2- Verificados os requisitos previstos no artº 30º do C.P.C., deve o juíz ordenar a apensação se o estado do processo ou outra razão válida a não tornar inconveniente.
3- Não pode aceitar-se como válida a sobrecarga ou excesso de trabalho porventura existente no tribunal onde se encontra pendente o processo a que devam ser apensados os demais. É que a questão não pode ser encarada apenas em face dos interesses deste tribunal, mas antes tendo em vista o conjunto da actividade jurisdicional.

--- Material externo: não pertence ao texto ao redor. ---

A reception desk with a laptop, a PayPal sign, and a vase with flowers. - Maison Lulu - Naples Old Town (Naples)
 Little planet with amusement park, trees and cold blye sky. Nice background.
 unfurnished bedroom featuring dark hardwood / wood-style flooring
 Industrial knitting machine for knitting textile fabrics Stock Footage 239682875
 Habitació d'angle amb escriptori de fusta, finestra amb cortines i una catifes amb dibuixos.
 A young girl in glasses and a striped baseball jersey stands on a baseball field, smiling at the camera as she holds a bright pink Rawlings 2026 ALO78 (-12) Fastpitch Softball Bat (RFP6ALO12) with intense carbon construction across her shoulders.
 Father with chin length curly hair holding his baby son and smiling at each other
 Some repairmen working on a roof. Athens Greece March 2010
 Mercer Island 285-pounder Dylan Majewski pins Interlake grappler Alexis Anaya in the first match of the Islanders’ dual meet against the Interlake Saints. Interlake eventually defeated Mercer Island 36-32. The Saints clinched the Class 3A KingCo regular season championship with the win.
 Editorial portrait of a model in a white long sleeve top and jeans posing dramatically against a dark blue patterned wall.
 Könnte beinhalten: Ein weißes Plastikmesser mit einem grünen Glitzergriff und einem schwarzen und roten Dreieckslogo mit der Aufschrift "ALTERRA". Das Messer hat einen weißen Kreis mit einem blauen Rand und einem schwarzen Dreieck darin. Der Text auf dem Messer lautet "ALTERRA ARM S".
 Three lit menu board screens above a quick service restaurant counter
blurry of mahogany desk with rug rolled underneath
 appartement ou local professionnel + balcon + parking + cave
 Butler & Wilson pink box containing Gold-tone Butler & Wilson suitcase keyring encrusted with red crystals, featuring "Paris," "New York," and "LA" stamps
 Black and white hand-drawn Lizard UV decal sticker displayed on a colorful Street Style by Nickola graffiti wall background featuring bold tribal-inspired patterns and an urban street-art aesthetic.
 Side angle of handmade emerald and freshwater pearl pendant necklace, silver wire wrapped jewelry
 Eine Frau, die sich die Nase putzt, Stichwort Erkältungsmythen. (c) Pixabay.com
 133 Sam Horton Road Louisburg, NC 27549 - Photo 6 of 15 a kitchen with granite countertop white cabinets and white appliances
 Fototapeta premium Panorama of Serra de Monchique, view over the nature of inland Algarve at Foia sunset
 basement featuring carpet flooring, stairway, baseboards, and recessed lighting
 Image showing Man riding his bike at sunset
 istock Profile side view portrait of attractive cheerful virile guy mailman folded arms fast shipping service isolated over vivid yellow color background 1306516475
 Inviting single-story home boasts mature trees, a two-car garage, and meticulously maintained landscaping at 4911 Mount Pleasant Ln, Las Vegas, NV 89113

4- Vistas as coisas por este ângulo, bem pode acontecer que o acréscimo de trabalho que da apensação possa advir para o tribunal perante o qual penda o processo a que os outros tenham de ser apensados seja compensado, mais ou menos amplamente, pela diminuição do trabalho nos tribunais onde correm as acções a apensar, pelo menor incómodo para as pessoas que devam intervir nos processos, pela maior celebridade na decisão final e, sobretudo, pela utilidade resultante da uniformidade de julgados.
5- Assim, sendo, é evidente que o despacho recorrido fundamentado exclusivamente na sobrecarga de agendamento do 1º Juízo do Tribunal de Lisboa não pode subsistir.